4649 mots, Catégorie: T

Dernière mise à jour 23/10/2024 21:20

Chapitre 21 : Escapade et subterfuges

Le soleil peinait à percer la couche brumeuse qui étouffait Faillaise. L’automne s’était cette fois bel et bien installé, apportant avec lui une désagréable humidité glacée. Hroar frissonna et s’emmitoufla dans sa grossière cape de laine trop grande pour lui, rabattant la capuche sur sa tête. Devant lui, François Beaufort marchait d’un pas énergique, presque pressé. Ils s’éloignaient rapidement de l’orphelinat Honorem, en route pour une nouvelle escapade. Leur sortie d’aujourd’hui avait quelque chose d’étrange pour Hroar : c’était la première fois qu’ils s’aventuraient seuls en pleine journée dans la ville, et surtout, avec l’autorisation de Constance Michelle. Elle leur avait permis de quitter l’orphelinat à condition de rester près de la place du marché, de revenir avant midi et, surtout, de ne pas faire de vagues.

Hroar accéléra le pas pour ne pas se laisser distancer par son ami, mais ses pensées demeuraient obstinément tournées vers l’orphelinat.
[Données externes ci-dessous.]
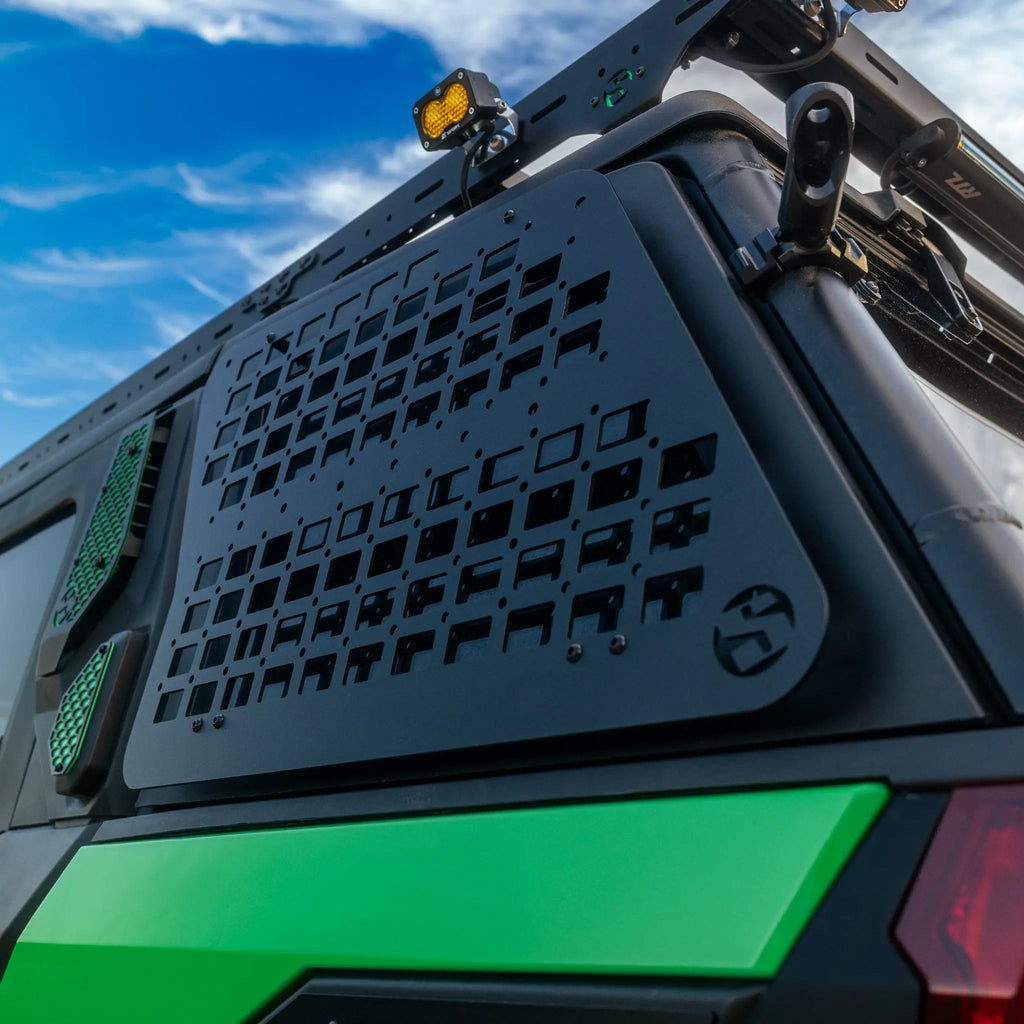Polaris Xpedition ADV X-Plorer Series Molle Panel Kit (Sold as a Pair)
Le départ de Hunfen quelques jours plus tôt avait anéanti l’espoir de l’entraîner une nouvelle fois dans leurs aventures, et, surtout, de lui faire rencontrer Brynjolf. L’absence du jeune Nordique et de sa gardienne laissait un vide étrange, une absence que Hroar ressentait plus profondément qu’il ne l’aurait cru. Peut-être parce que, depuis la disparition de Grélod, ses tourments habituels s’étaient évanouis ; les nuits où Runa le consolait semblaient appartenir à un passé lointain. Était-ce ainsi que les choses étaient censées se passer, une vie normale, hors de l’emprise de la vieille mégère ?

François, en revanche, semblait encore plus excité qu’à l’accoutumée. Il ne cessait de jeter des regards en arrière pour vérifier que Hroar le suivait toujours, chaque coup d’œil accompagné d’un sourire qui s’élargissait à mesure qu’ils approchaient de leur destination. Ses yeux pétillaient d’impatience.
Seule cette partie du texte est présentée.